Release from Lanark County Council
Council passed a motion to continue a roadside weed spraying program in 2016 for all county roads for two consecutive years, and then to proceed with biannual spraying of 50 per cent of the road system starting in year three. The decision follows a report from the public works department about the results of the 2015 trial program.
The program was initiated as a strategy to combat wild parsnip, which is a noxious, invasive plant that is becoming increasingly common in the county. In 2015, the public works department received many calls from the public expressing concern about the weed and about the health hazards associated with it. In the first year, controlled herbicide spraying by a qualified, licenced contractor was completed along 80 km of county roads using Clearview, which selectively kills broadleaf weeds but not grasses.
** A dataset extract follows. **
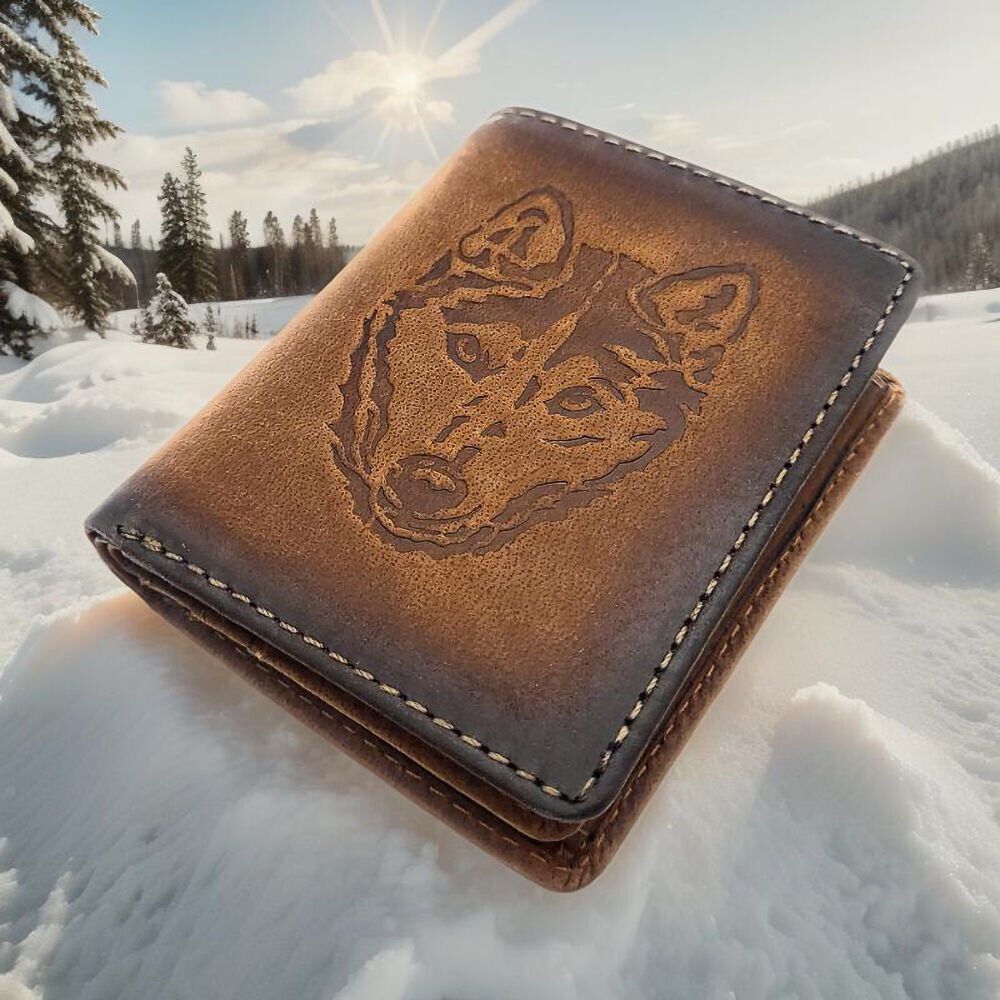 Mini Geldbörse kleines echt Leder Portemonnaie mit RFID Schutz "HUSKY"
Notification of the spraying was advertised through various means, and the county received no requests for “no spraying” signs.
The effects of spraying were monitored and an 80- to 90-per cent effectiveness rate was observed, with no indication of wild parsnip regrowth one month after it was completed. A weed audit completed on the entire county road system showed about 95 per cent of the road sections contained wild parsnip or other noxious weeds within the road allowance, and concern about safety of volunteers due to health hazards associated with wild parsnip led to the cancellation of the fall Adopt-a-Road program.
“Controlling wild parsnip would contribute to the safety of public works personnel and the general public,” says Terry McCann, Director of Public Works. Many residents have asked for greater controls of wild parsnip. Ongoing monitoring of the effectiveness will be undertaken, along with continuous liaising with industry experts and adjacent counties.